A strong message was sent out from this year’s awards committee encouraging female achievement and challenging prejudice against women, which remains a major social problem in parts of India. The committee is headed by Shriji Arvind Singh Mewar of Udaipur, the 76th Custodian of the House of Mewar and the Chairman and Managing Trustee of Maharana of Mewar Charitable Foundation .

Gulabi Sapera caught much of the attention on the night as she was awarded with the Maharana Mewar Award. Many in the audience were stunned by her story of being buried by elders just an hour after her birth before being rescued by her aunt. The seventh child born into a nomadic serpent hunting tribe in Ajmer, Rajasthan the elders did not want to be ‘burdened’ with bringing up Gulabi in a tribal culture where infanticide of baby girls was common.
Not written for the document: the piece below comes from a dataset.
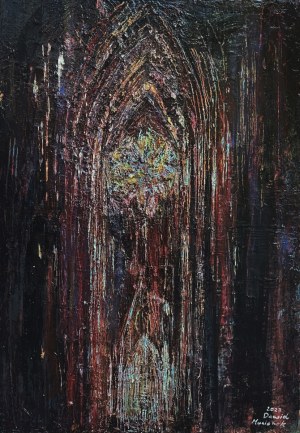 Dawid MASIONEK (ur. 1994), Odrodzenie średniowiecznej katedry (Amiens), 2023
Gulabi’s attempted murder was undertaken against her father’s will and without his knowledge. She later rose to prominence after being spotted dancing to snake charming music by an official in the Rajasthan tourism department in 1981. Gulabi has since taken her celebrated whirling dance style ‘Kalbeliya’ around the world, performing in 165 countries. The dance, whose steps match the movement of a snake, has won international acclaim being listed in UNESCO’s representative list of Intangible Cultural Heritage of Humanity.  The dance is also now one of the major features detailed on tourism maps in Rajasthan.

 by . Meanwhile, Captain Radhika Menon, the Indian Merchant Navy’s first woman ship-captain was given the Panna Dhai award in recognition of acts beyond the call of duty. Captain Menon captured intentional media attention for her role in saving the lives of seven fisherman whose boat sank in rough seas in the Bay of Bengal.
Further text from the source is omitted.